The architectural transformation of the Bhojshala into an Islamic place of worship was not a single event, but a gradual process of iconoclasm and structural repurposing that took place in three distinct phases over two centuries :
- The Sacking of 1305 AD: The forces of Alauddin Khilji carried out a devastating assault on the university. According to historical records preserved by the Hindu petitioners, Khilji's soldiers dismantled the core shrines, defaced the sacred images, and executed approximately 1,200 scholars and students who defended the library. The massive temple dedicated to Surya Martand (the Sun God), situated within the complex, was demolished, and its large carved pillars were scattered across the site.
- The governorship of Dilawar Khan Ghori (1392–1393 AD): Following the fragmentation of the Delhi Sultanate, Dilawar Khan Ghori, the governor of Malwa who subsequently declared independence and founded the Malwa Sultanate, took control of Dhar. Dilawar Khan initiated the formal, structural conversion of the ruined Sanskrit college into a congregational mosque. An inscription dated to 1392–1393 CE found at the site describes extensive repairs and structural modifications carried out under his direction. Rather than importing new materials, Dilawar Khan's builders extensively recycled the highly decorated pillars, ceilings, and stone beams of the destroyed Paramara temple. The western wall of the Sanskrit college was violently cut open to accommodate a mihrab (prayer niche oriented toward Mecca) and a minbar (pulpit), which were constructed using material completely different from the rest of the original temple structure.
- The construction of the Kamal Maula Dargah: During the reign of Mahmud Shah Khilji II in the fifteenth century, a tomb (dargah) was constructed adjacent to the converted mosque complex to house the remains of Hazrat Kamal-al-Din (Kamal-al-Din Malvi), a prominent Chishti Sufi saint who had passed away in Dhar in approximately 1331 CE. Following the erection of this dargah, the entire converted complex began to be referred to in local administrative records and Islamic parlance as the Kamal Maula Mosque.

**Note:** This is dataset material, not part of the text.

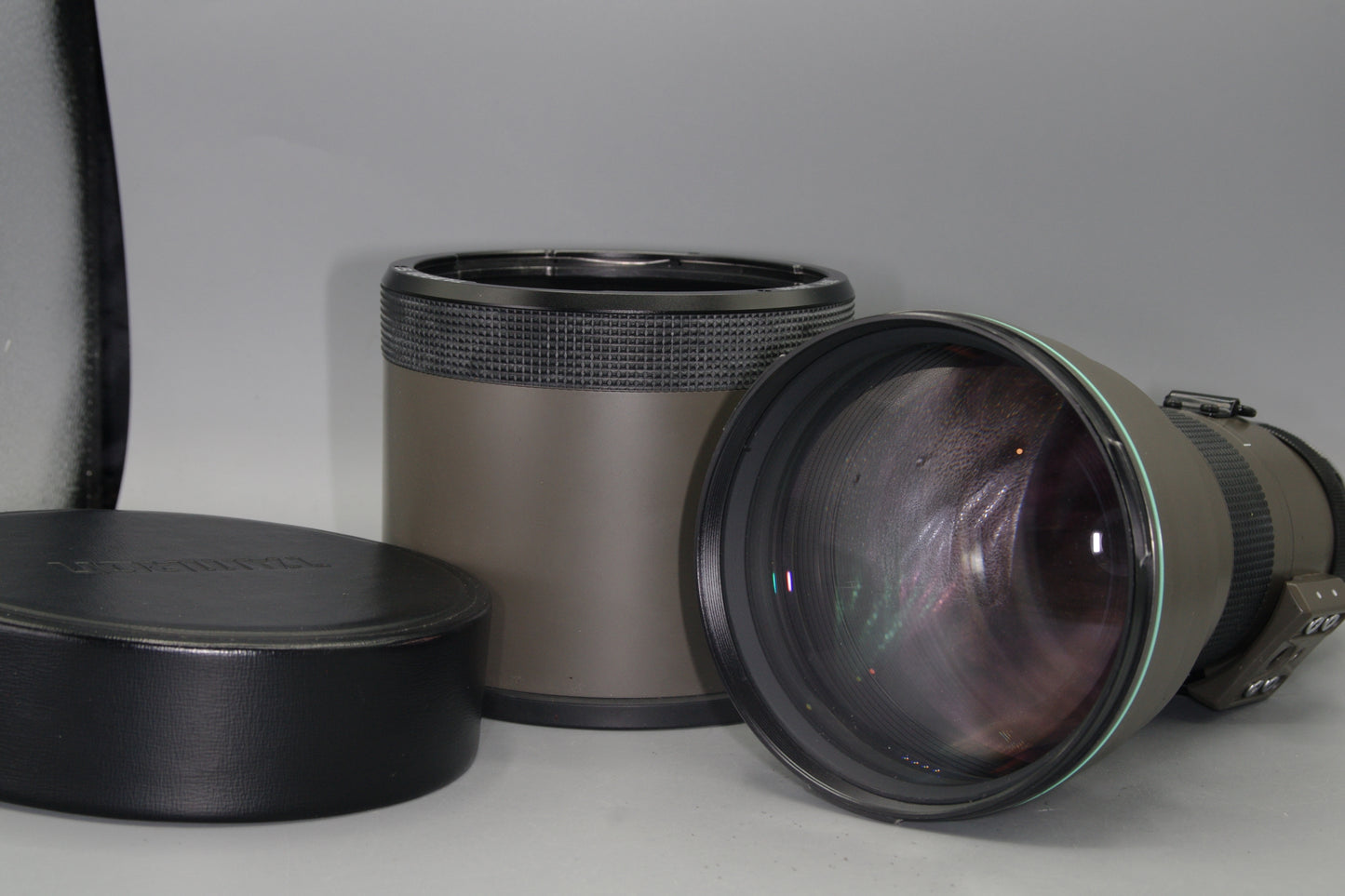 Tamron SP 300mm F/2.8 LD (IF) Lens 1.4 and 2.0 Teleconverters and case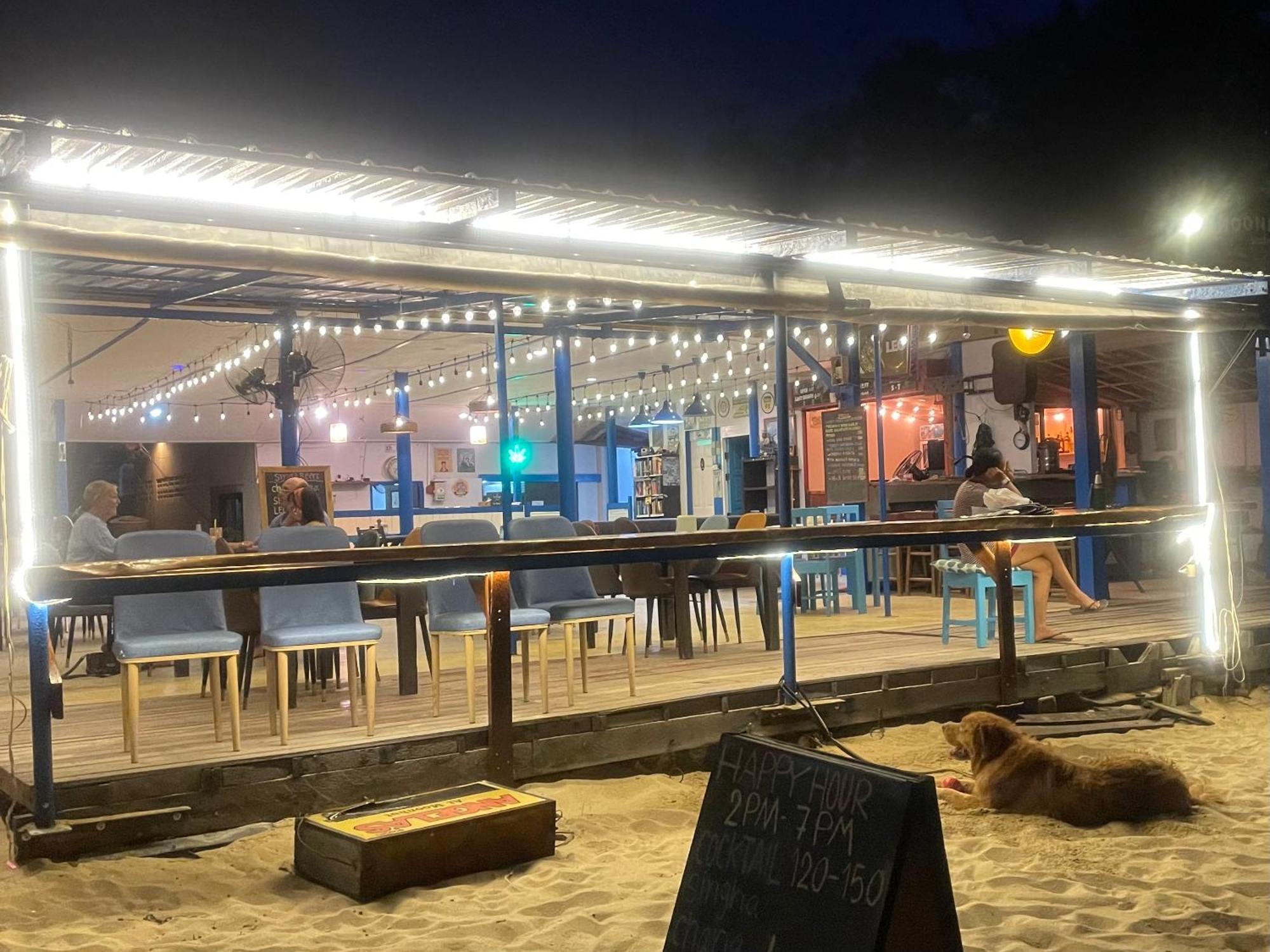 Moonhut Hotel Mae Nam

Because of the massive iron columns found at the site, which were also salvaged from medieval structures, the building was also popularly referred to as the "Lat Masjid". Despite these modifications, the Islamic builders were unable to erase the physical heritage of the site. They covered the highly detailed Sanskrit inscriptions on the walls with thick layers of lime mortar, plaster, and cow dung, while using the beautifully carved temple slabs as paving stones for the floors, ensuring that the sacred texts were placed face-down to be stepped on by worshippers.
Crucial historical evidence documenting this deliberate, state-sponsored iconoclasm is found in a mid-fifteenth-century Arabic and Persian inscription (dated to 1455 CE) fixed onto the gateway of the tomb of Abdullah Shah Changal at Dhar. The inscription, written in the conqueror's own words and documented in the archaeological journal Epigraphia Indo-Moslemica, explicitly records that Dhar was originally a city of temples and colleges, and boastfully details how the pre-existing Hindu temples were systematically destroyed, their idols defaced, and their structures converted into mosques under the sword of Islam.
Colonial Rediscovery and the Coining of the Term "Bhojshala"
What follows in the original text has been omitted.